Tall Clubs The social organization Tall Clubs International has a requirement that women must be at least 70 in. tall. Assume that women have normally distributed heights with a mean of 63.7 in. and a standard deviation of 2.9 in. (based on Data Set 1 “Body Data” in Appendix B).

a. Find the percentage of women who satisfy the height requirement.

b. If the height requirement is to be changed so that the tallest 2.5% of women are eligible, what is the new height requirement?

The height of women is normally distributed with mean 63.7 in. and standard deviation is 2.9 in.

The height requirement is at least 70 in.

Let X be the random variable for heights of women.

\(X \sim N\left( {\mu = 63.7,{\sigma ^2} = {{2.9}^2}} \right)\)

a. The probability that the height of a randomly selected woman is at least 70 inches expressed as \(P\left( {X \ge 70} \right) = 1 - P\left( {X < 70} \right)\) .

The z-score corresponding to 70 is computed as,

\(\begin{array}{c}{\bf{z = }}\frac{{{\bf{x - \mu }}}}{{\bf{\sigma }}}\\ = \frac{{70 - 63.7}}{{2.9}}\\ = 2.17\end{array}\)

Refer to the standard normal table for the cumulative probability for the z-score 2.17.

The value corresponds to row 2.1 and column 0.07 represents\(P\left( {Z < 2.17} \right) = 0.9850\).

The probability that the height of women is at least 70 in.,

\(\begin{array}{c}P\left( {X \ge 70} \right) = 1 - 0.9850\\ = 0.015\end{array}\)

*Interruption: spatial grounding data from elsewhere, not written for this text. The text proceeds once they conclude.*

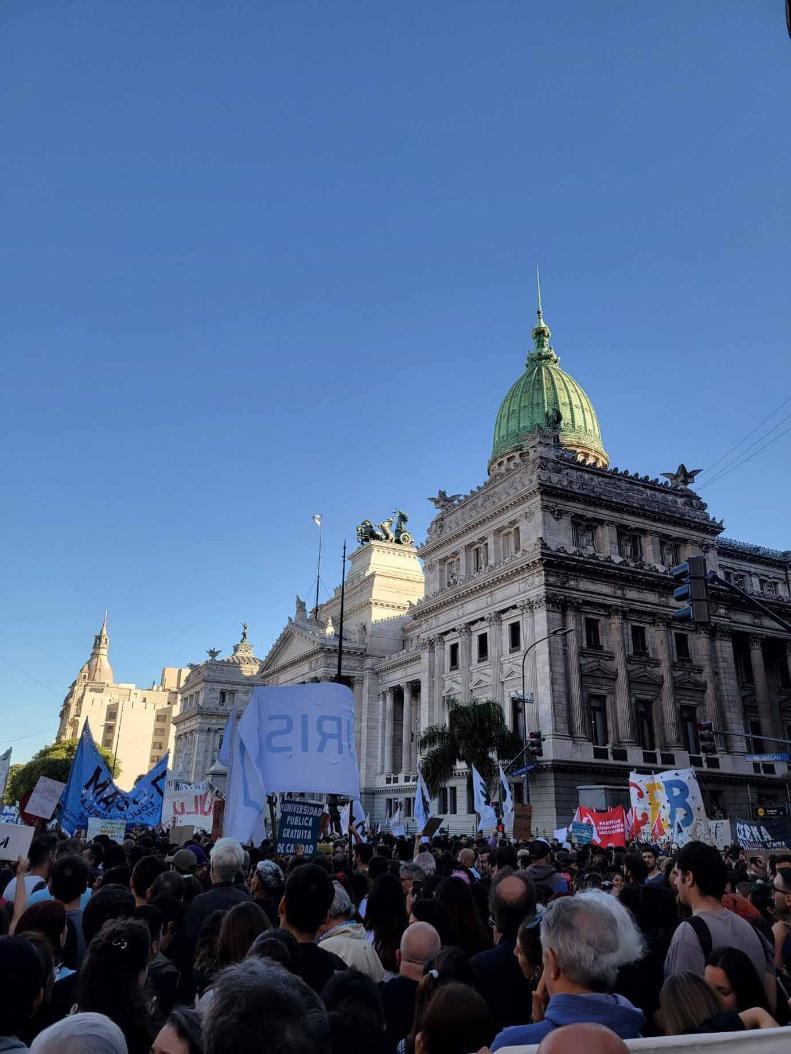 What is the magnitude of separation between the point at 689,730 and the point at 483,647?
1241cm

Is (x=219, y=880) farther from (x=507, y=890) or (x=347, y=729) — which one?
(x=347, y=729)

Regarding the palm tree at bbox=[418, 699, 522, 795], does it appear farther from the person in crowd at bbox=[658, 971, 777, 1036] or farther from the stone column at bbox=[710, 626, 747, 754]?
the person in crowd at bbox=[658, 971, 777, 1036]

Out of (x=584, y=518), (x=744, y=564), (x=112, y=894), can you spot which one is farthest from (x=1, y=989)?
(x=744, y=564)

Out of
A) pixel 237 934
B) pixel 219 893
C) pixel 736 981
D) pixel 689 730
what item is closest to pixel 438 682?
pixel 689 730

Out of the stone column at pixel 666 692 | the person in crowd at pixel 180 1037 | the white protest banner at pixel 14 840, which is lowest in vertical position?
the person in crowd at pixel 180 1037

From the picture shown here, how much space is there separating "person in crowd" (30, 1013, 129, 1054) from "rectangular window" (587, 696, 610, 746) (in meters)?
40.6

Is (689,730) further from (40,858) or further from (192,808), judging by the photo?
(40,858)

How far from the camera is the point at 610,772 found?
39.6 metres

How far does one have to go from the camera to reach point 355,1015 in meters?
3.61

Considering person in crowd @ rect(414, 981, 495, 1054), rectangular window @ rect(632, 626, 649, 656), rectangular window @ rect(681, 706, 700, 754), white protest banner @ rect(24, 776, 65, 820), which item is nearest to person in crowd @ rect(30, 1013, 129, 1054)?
person in crowd @ rect(414, 981, 495, 1054)

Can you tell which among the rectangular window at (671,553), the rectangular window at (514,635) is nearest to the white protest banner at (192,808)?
the rectangular window at (514,635)

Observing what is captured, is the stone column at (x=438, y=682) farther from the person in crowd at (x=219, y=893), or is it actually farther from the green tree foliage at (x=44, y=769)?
the green tree foliage at (x=44, y=769)

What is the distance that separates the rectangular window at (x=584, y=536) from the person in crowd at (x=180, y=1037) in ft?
140

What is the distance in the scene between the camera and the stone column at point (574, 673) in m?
39.8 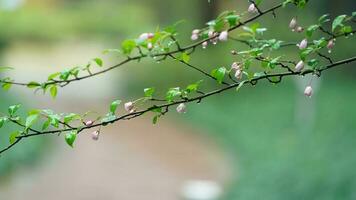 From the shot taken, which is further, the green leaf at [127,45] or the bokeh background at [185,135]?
the bokeh background at [185,135]

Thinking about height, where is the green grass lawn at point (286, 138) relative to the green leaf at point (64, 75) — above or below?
above

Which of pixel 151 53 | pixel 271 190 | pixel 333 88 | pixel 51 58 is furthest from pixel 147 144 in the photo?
pixel 151 53

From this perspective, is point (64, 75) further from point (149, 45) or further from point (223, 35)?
point (223, 35)

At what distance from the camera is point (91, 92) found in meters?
11.8

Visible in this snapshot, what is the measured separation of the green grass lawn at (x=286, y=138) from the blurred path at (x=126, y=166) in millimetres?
303

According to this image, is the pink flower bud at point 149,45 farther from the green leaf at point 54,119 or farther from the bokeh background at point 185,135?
the bokeh background at point 185,135

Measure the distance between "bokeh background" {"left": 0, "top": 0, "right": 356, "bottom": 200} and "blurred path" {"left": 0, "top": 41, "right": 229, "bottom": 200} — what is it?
0.01 m

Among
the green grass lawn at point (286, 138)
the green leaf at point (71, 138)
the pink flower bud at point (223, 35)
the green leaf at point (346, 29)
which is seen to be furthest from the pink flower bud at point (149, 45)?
the green grass lawn at point (286, 138)

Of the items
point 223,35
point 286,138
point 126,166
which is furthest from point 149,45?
point 126,166

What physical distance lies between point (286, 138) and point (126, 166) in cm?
175

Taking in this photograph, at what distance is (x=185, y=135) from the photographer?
28.4ft

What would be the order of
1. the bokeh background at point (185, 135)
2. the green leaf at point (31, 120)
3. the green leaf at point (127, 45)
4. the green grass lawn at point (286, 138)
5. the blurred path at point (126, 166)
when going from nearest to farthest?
the green leaf at point (127, 45)
the green leaf at point (31, 120)
the green grass lawn at point (286, 138)
the bokeh background at point (185, 135)
the blurred path at point (126, 166)

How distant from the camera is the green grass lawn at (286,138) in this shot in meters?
5.00

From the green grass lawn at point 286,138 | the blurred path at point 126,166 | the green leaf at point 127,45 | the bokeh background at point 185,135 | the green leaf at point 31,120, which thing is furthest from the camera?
the blurred path at point 126,166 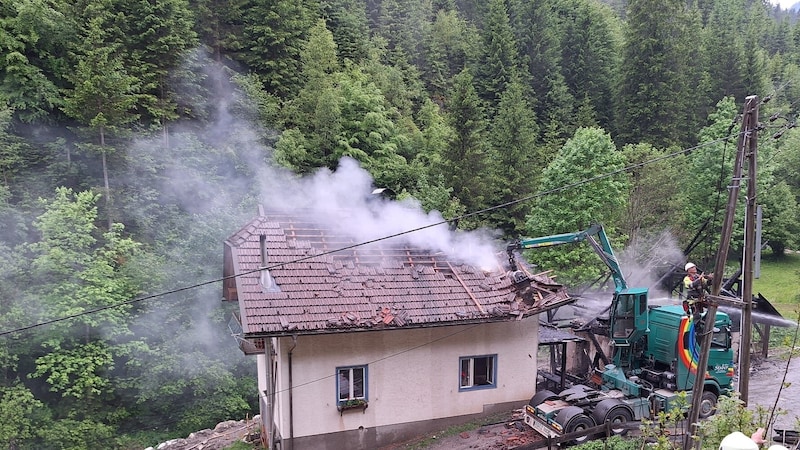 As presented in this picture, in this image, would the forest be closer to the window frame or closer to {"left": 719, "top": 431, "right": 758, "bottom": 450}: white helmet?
the window frame

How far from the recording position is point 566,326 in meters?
15.4

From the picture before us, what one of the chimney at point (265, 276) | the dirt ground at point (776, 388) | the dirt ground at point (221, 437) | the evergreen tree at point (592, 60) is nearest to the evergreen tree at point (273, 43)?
the dirt ground at point (221, 437)

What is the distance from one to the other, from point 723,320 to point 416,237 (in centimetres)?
871

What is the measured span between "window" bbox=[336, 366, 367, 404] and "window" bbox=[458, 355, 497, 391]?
2.80 m

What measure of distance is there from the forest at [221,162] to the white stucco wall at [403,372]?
3.66 m

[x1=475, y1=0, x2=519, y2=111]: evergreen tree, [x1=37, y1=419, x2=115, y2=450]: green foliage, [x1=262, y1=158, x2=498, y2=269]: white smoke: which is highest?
[x1=475, y1=0, x2=519, y2=111]: evergreen tree

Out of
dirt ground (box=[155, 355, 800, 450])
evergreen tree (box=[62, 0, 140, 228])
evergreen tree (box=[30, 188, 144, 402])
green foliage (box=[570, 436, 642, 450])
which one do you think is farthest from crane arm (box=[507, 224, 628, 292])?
evergreen tree (box=[62, 0, 140, 228])

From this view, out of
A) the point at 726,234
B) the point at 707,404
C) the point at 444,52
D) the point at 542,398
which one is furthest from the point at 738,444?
the point at 444,52

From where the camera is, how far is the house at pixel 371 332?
39.9 ft

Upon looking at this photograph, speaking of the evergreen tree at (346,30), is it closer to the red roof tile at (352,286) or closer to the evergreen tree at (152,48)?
the evergreen tree at (152,48)

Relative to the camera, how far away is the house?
12.1m

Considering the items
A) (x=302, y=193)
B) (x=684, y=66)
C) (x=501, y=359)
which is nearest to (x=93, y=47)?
(x=302, y=193)

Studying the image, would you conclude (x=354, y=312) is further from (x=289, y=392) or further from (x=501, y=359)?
(x=501, y=359)

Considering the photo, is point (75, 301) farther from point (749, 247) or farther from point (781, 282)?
point (781, 282) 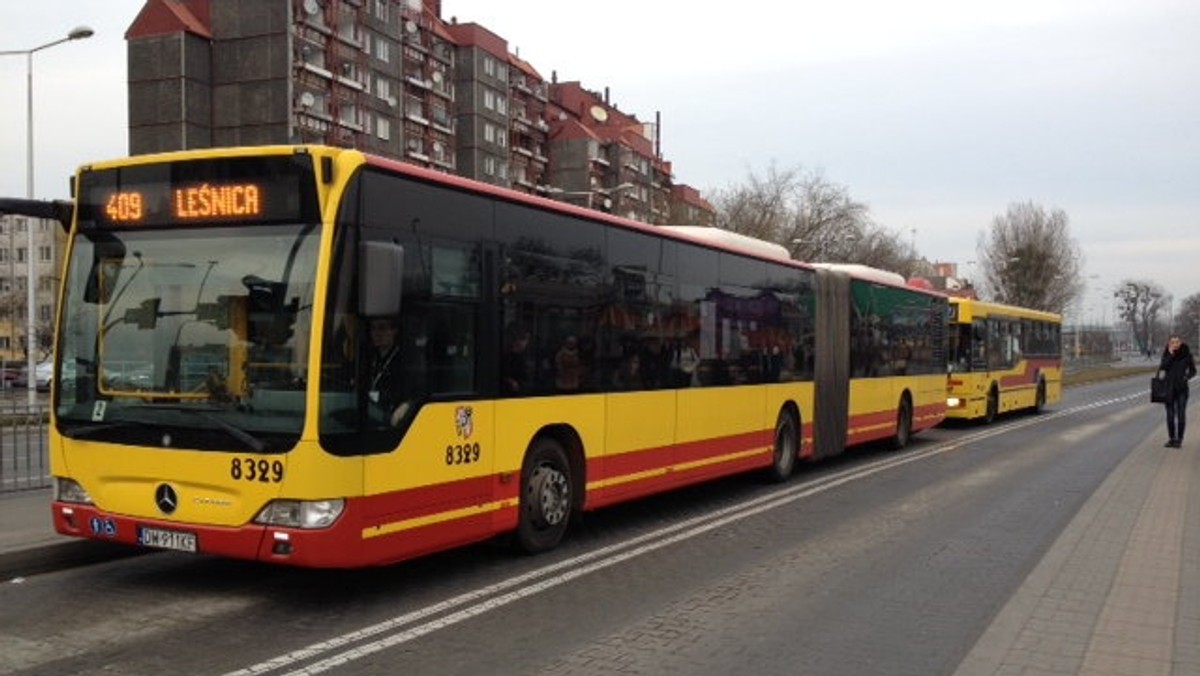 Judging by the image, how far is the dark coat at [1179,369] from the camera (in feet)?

Now, the percentage of height of women is given by,

\(0.015 \times 100 = 1.50\% \)

Therefore, the percentage of women that meet the height requirement of least 70 inch is is 1.50%.

b.

Let x denote the minimum height of the tallest 2.5% women and z be the corresponding z-score.

Thus,

\(\begin{array}{c}P\left( {X > x} \right) = 0.025\\P\left( {Z > z} \right) = 0.025\\P\left( {Z < z} \right) = 1 - 0.025\\ = 0.975\end{array}\)

Refer to the standard normal table for the cumulative area of 0.975, which occurs corresponding to row 1.9 and column 0.06, which implies z-score is 1.96.

The required height of women is given by,

\[\begin{array}{c}x = \left( {1.96 \times 2.9} \right) + 63.7\\x = 69.4\end{array}\]

Therefore, the required height of women is 69.4 in.